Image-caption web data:
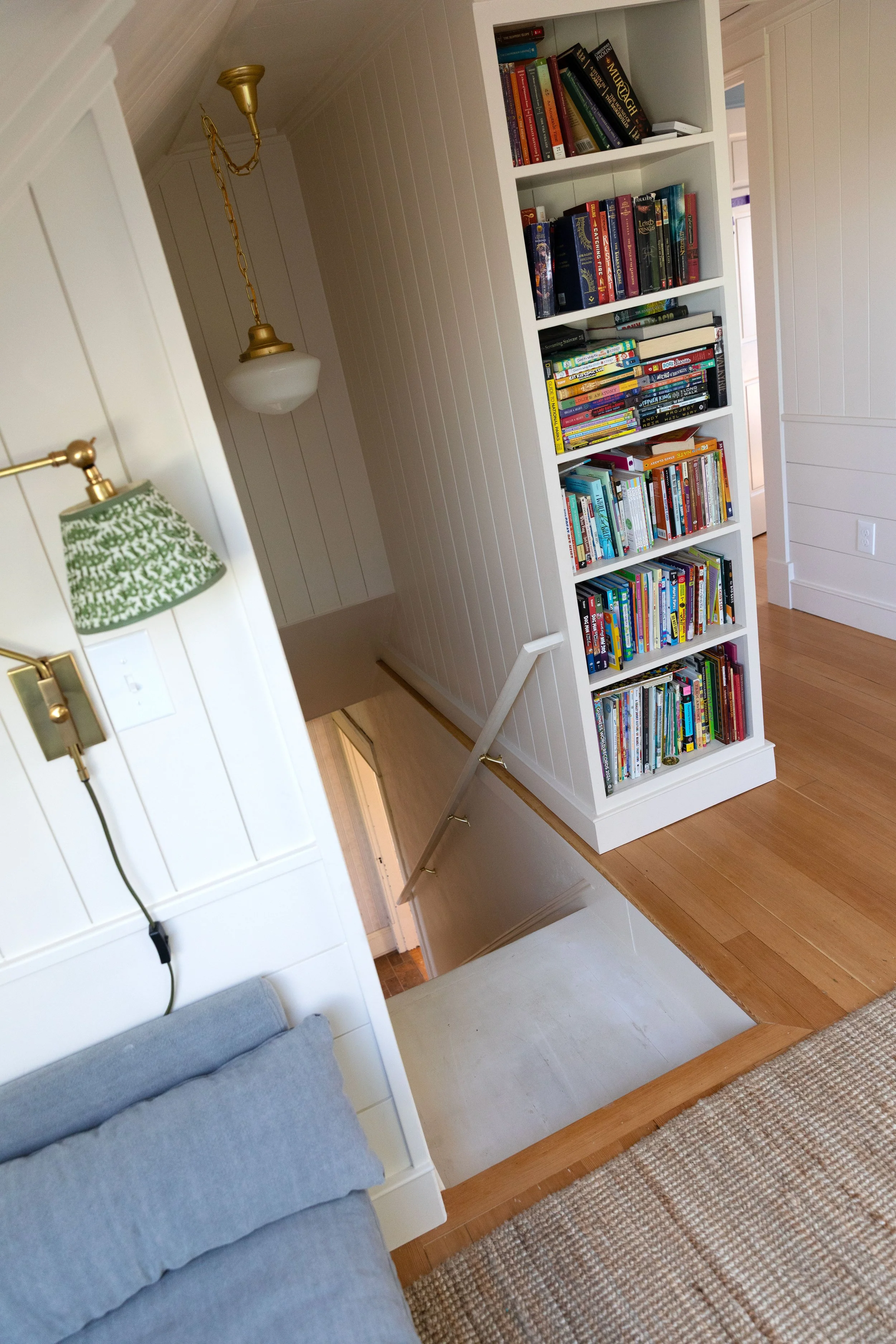 Floor-to-ceiling built-in bookcase serving as a stair guard on an old-house landing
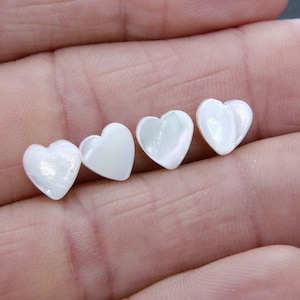 May include: Four white heart-shaped mother of pearl cabochons. The cabochons are arranged in a row from left to right, with the largest cabochon on the right and the smallest on the left.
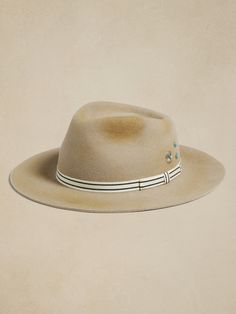 Handcrafted from a unique 200-gram blend of free-range Bolivian and Argentine wool, this Hampui hat has a striped hatband, an inentionally-distressed finish, and stamped silver medallions with turquoise cabochons.  HAMPUI: Rugged, yet always-refined, Cruise Outfits, Free Range, Hat Band, Curator Style, Winter Sale, Natural World, Baby Shop, Handmade Natural, Fashion News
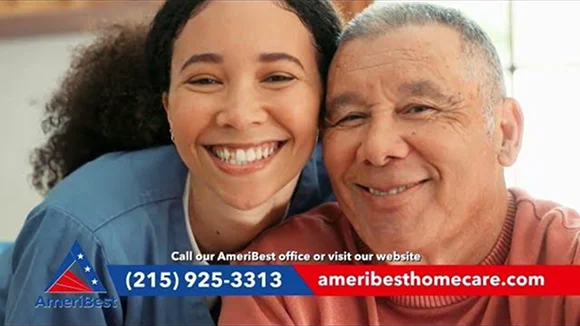 Smiling caregiver and senior man promoting compassionate home care services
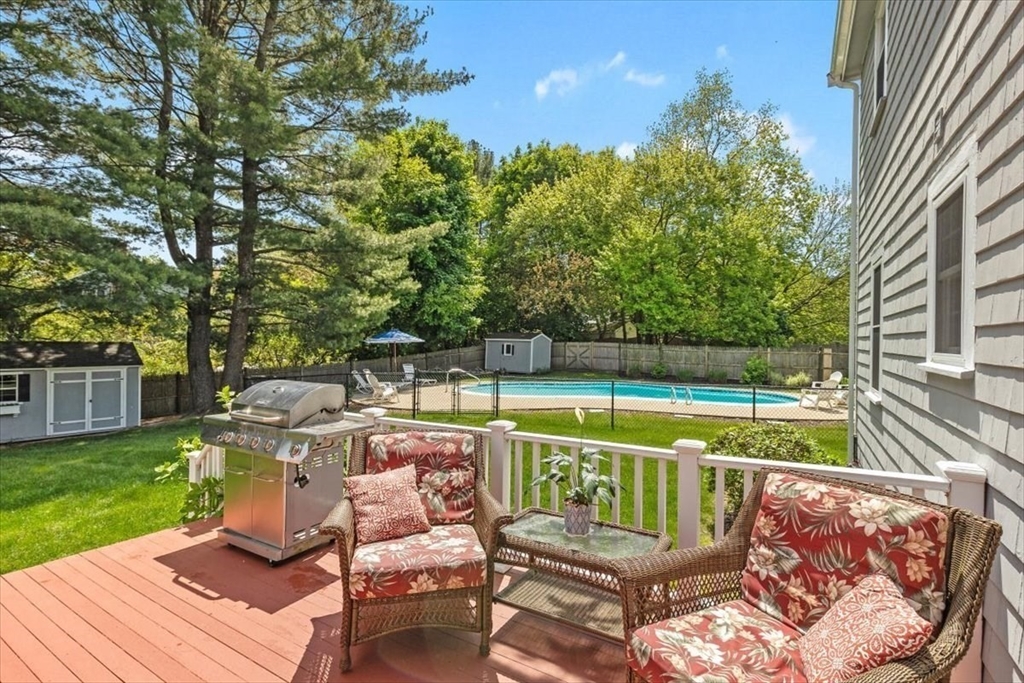 60 Old County Road Hingham, MA 02043 - Photo 24 of 32 a view of a chairs and table on the wooden deck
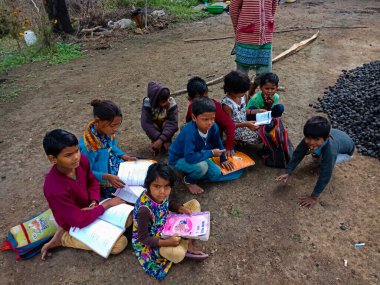 DISTRICT KATNI, INDIA - HAZİRAN 01, 2020: Asyalı yoksul çiftçi çocuklar köy eğitimi sırasında açık toprak arka planında birlikte öğreniyorlar.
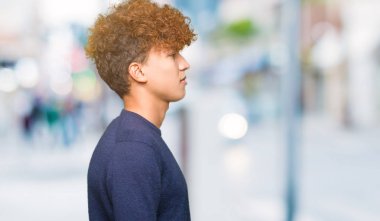 Genç yakışıklı adam ile afro saç arıyor yan, dinlenmek profil poz doğal yüz ile emin gülümseme.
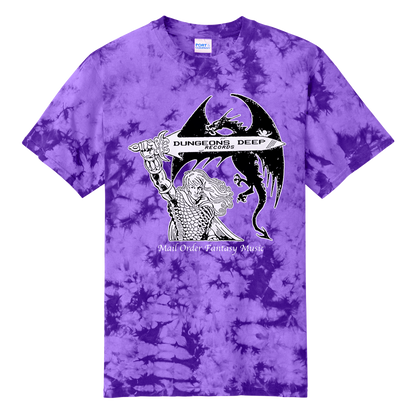 A purple tie dye shirt featuring 'Mail Order Fantasy Music' text and illustrations screen printed on the front. The design depicts a man holding a sword with the words "Dungeons Deep Records" inscribed next to a fantasy dragon.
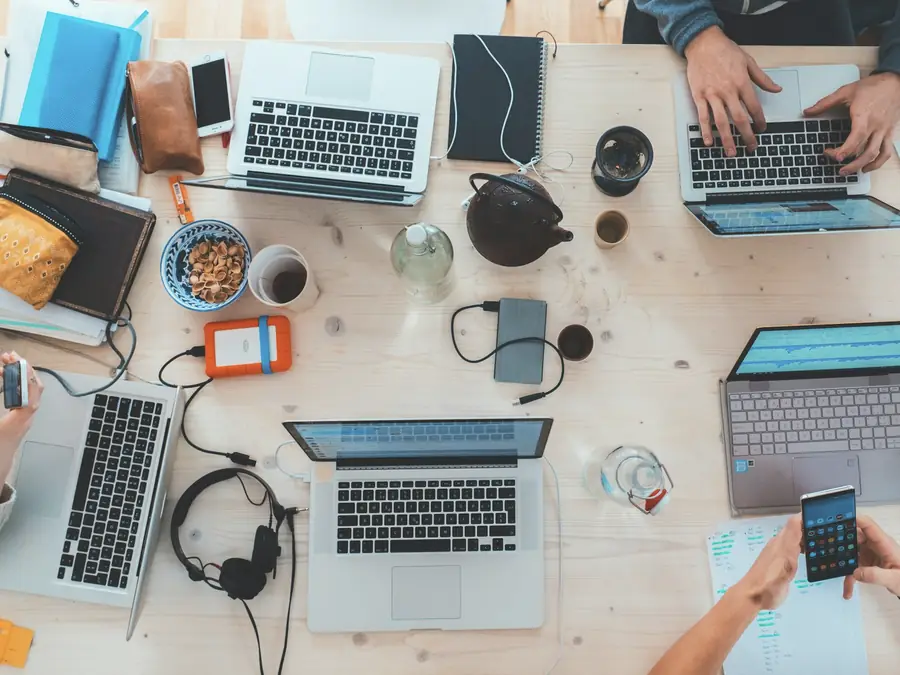 Mesa de trabajo vista desde arriba con portátiles, cuadernos y café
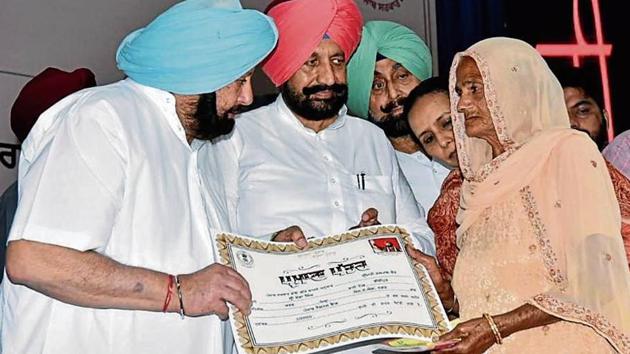 Chief minister Captain Amarinder Singh handing over a certificate to a government scheme beneficiary in Mohali on Tuesday. (HT Photo) Chief minister Captain Amarinder Singh handing over a certificate to a government scheme beneficiary in Mohali on Tuesday. (HT Photo)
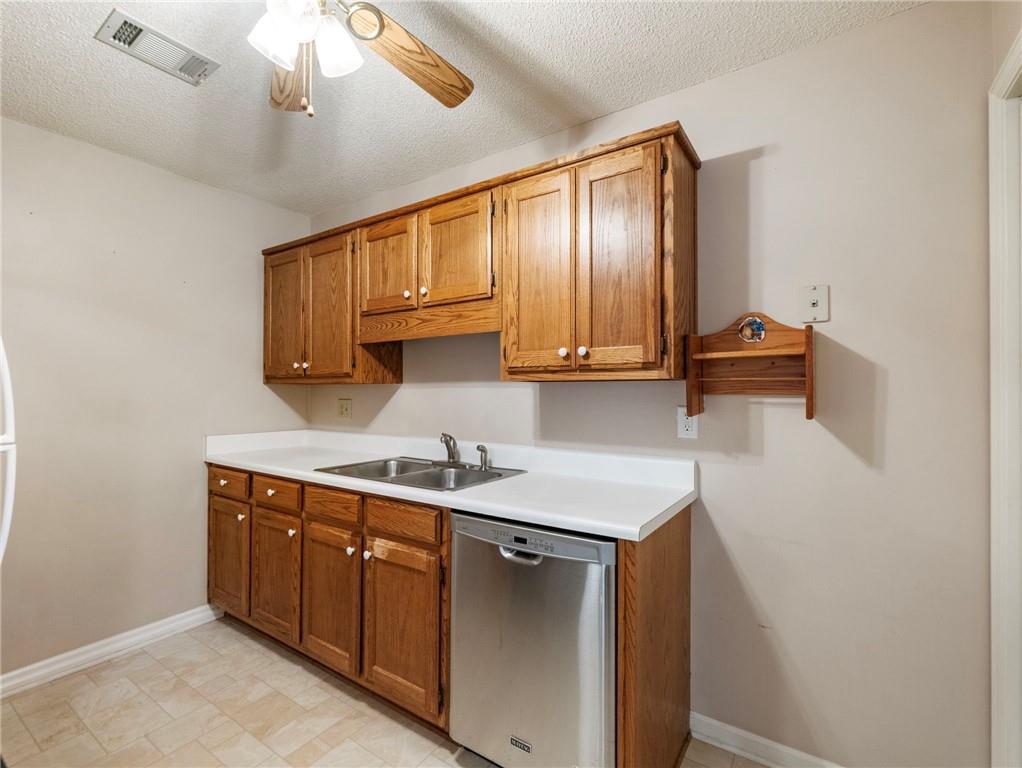 2235 Old Hamilton Place, Unit 100B Gainesville, GA 30507 - Photo 12 of 31 a kitchen with a sink cabinets and window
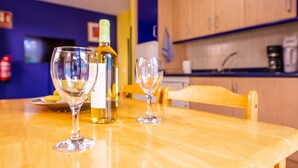 A wooden table with two wine glasses and a bottle of wine. - Apartment 'Nautilus 7' with Private Terrace and Wi-Fi (Puerto Naos)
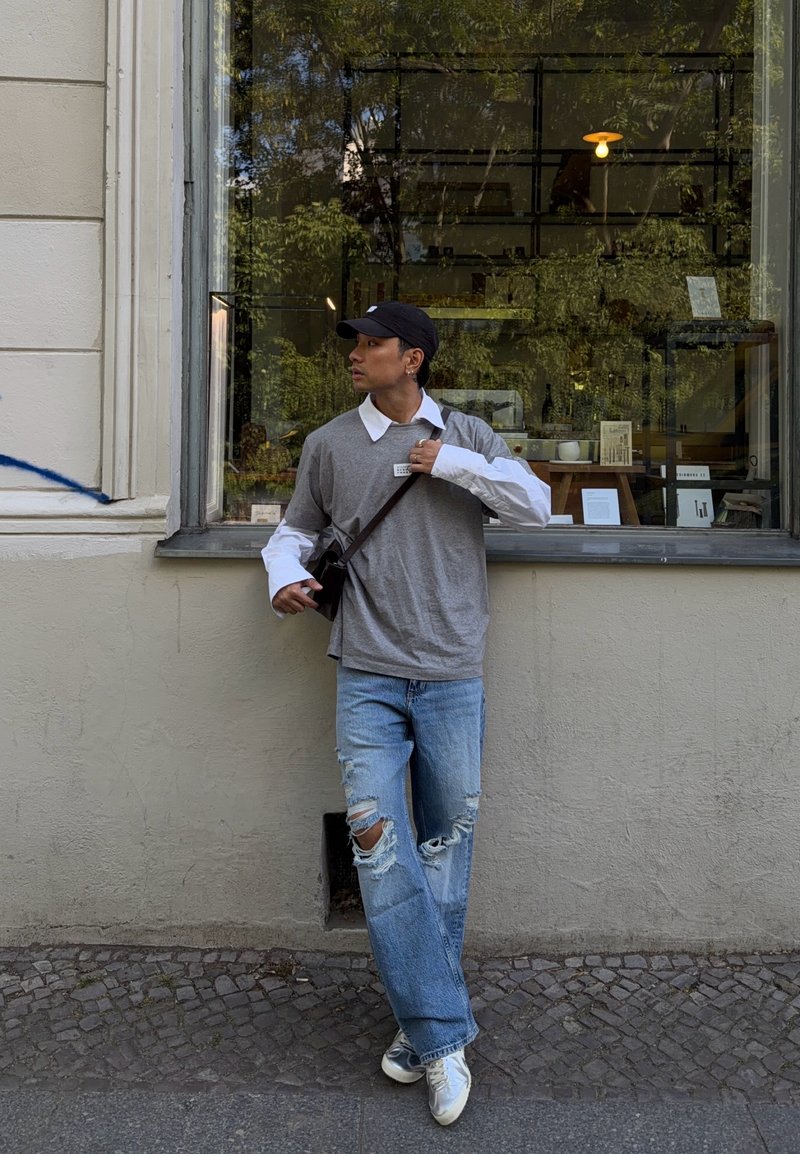 Jeune homme portant une chemise grise superposée, une casquette noire, un jean déchiré et des baskets, appuyé contre un mur à côté d'une grande fenêtre d'un café ou d’un magasin.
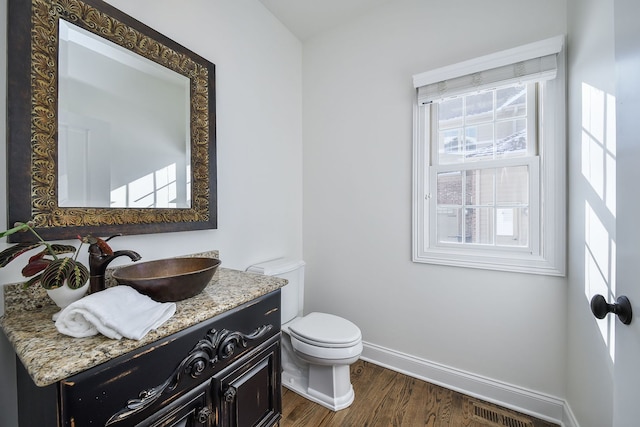 bathroom with vanity, wood finished floors, visible vents, baseboards, and toilet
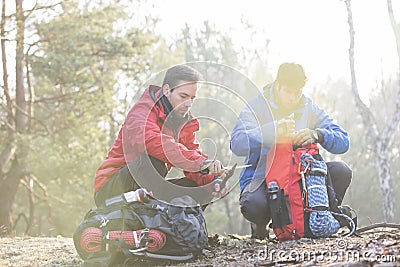 Male backpacker with friend whittling wood in forest Stock Photo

§ What to do: With the pictures removed from your copy, retype the lines above from the one that contains "May include: Four" through the one that contains "Handcrafted from a", exactly.

§ Reply:
 May include: Four white heart-shaped mother of pearl cabochons. The cabochons are arranged in a row from left to right, with the largest cabochon on the right and the smallest on the left.
 Handcrafted from a unique 200-gram blend of free-range Bolivian and Argentine wool, this Hampui hat has a striped hatband, an inentionally-distressed finish, and stamped silver medallions with turquoise cabochons.  HAMPUI: Rugged, yet always-refined, Cruise Outfits, Free Range, Hat Band, Curator Style, Winter Sale, Natural World, Baby Shop, Handmade Natural, Fashion News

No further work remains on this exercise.